# relaxing day!



## MaduroSmoke (Sep 21, 2008)

Heres a pic from 2day it was relaxing.2day i enjoyed a reyes family premier that i was bombed.It was a good day i watch probably 7 B1's take off right out my backyard...well i was in the kitchen watching them it was kinda chilly.
heres my pic kinda harsh but the point was relaxing!!


----------



## baba (Nov 5, 2007)

It must be nice to sit at the kitchen table and have a cigar


----------



## m69c44 (Nov 5, 2007)

I was thinking the same thing


----------



## MaduroSmoke (Sep 21, 2008)

i like it and the houses on base have a sliding glass door it has a great view:redface:


----------



## amateurke (Mar 28, 2008)

there it's all about ; Relaxing!!


----------



## JoeyBear (Jul 31, 2007)

Looks like a mighty fine time!!


----------



## Paint (Mar 1, 2008)

Must be nice to burn one in the house!


----------



## sofaman (Jun 20, 2007)

Good Times!!!


----------



## mhlatke (Oct 13, 2007)

You can never get enough time to relax - enjoy it when you can!


----------



## Redbeard (Aug 7, 2006)

paint said:


> Must be nice to burn one in the house!


no doubt !! lucky mofo!!


----------



## svb (Jan 12, 2008)

luckeeeeeee!


----------



## cboor001 (Aug 6, 2008)

Nice bro... Oh man, I wish I could smoke in the house...:mumbles:


----------



## maduro4me-cl (Jun 11, 2008)

I have to agree with most of the previous posts.
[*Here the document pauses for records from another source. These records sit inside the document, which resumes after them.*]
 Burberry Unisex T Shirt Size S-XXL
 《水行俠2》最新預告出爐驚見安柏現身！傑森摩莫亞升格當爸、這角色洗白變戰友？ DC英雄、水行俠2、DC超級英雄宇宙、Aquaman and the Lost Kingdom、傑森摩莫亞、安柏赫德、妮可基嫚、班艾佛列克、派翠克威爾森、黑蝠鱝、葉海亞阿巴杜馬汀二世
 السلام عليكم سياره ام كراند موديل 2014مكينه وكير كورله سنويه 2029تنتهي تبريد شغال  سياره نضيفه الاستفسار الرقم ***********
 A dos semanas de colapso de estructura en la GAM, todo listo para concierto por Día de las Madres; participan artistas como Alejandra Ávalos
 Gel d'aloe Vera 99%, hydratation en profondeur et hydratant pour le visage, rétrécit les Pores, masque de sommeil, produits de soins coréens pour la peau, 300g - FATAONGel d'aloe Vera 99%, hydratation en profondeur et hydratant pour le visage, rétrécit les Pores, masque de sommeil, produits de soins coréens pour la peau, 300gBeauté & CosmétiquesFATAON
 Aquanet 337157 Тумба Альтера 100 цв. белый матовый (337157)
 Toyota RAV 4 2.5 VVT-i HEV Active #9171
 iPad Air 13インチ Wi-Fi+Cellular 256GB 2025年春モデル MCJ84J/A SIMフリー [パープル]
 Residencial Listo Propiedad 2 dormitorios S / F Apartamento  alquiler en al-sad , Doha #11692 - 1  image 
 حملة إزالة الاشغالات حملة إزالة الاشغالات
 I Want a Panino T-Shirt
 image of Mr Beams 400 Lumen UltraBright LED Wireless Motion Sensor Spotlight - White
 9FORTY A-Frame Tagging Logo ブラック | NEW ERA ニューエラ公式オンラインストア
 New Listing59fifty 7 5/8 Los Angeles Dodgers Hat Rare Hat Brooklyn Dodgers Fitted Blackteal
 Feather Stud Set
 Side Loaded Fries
Smoking in the house must be nice.


----------



## MaduroSmoke (Sep 21, 2008)

it took some convincing before i could but its all good now!!


----------



## CGARMAN23 (May 16, 2008)

Everyone should be able to relax and have a cigar, in the house even better.


----------



## shrtcrt (Jan 29, 2006)

So what did you think about the cigar?


----------



## MaduroSmoke (Sep 21, 2008)

The cigar was good i like it wasn't my favorite but it hit the spot for the moment.


----------



## DBCcigar (Apr 24, 2008)

Need to try one of those!


----------



## ezmoney5150 (Jan 23, 2008)

That's why it's relaxing. We can sit in our house and smoke a great stick insetead of freezing in the garage.


----------



## happy1 (Jun 29, 2007)

Nice!!


----------



## MaduroSmoke (Sep 21, 2008)

The night after the pic i had a Nub conn. And then last night i had a CAO Gold maduro!!!!! and i wake up this morning to snow???WTF


----------



## brightpaths (Jul 4, 2007)

Well done! There's no better way to bring the day to its full height. 

Keep the smoke going,
Don


----------



## karmaz00 (Dec 5, 2007)

very nice


----------



## allenrs (Oct 15, 2008)

I have to go to the spare bedroom and smoke right now but sometime his winter I will have the basement turned into my cigar cave.


----------



## MaduroSmoke (Sep 21, 2008)

sweet a cigar cave...lol if the garage was more insulated there where i would be it has our old reclining couch!


----------



## allenrs (Oct 15, 2008)

Yep Just me and the boy's,a tv and my stash.I"ll try to post some pics when I get it done.


----------



## MaduroSmoke (Sep 21, 2008)

Damn it i have no Boys smoking alone sucks.....lol some ppl come visit


----------



## EKGOTSKILLZZ (Jun 17, 2008)

nice ,,.


----------



## Cigary (Oct 19, 2007)

Dude, you have my exact kitchen table, except you get to smoke at yours. How unfair is that?


----------



## MaduroSmoke (Sep 21, 2008)

ha ha but i smoke alone so it sucks!!!!!!!!!!!


----------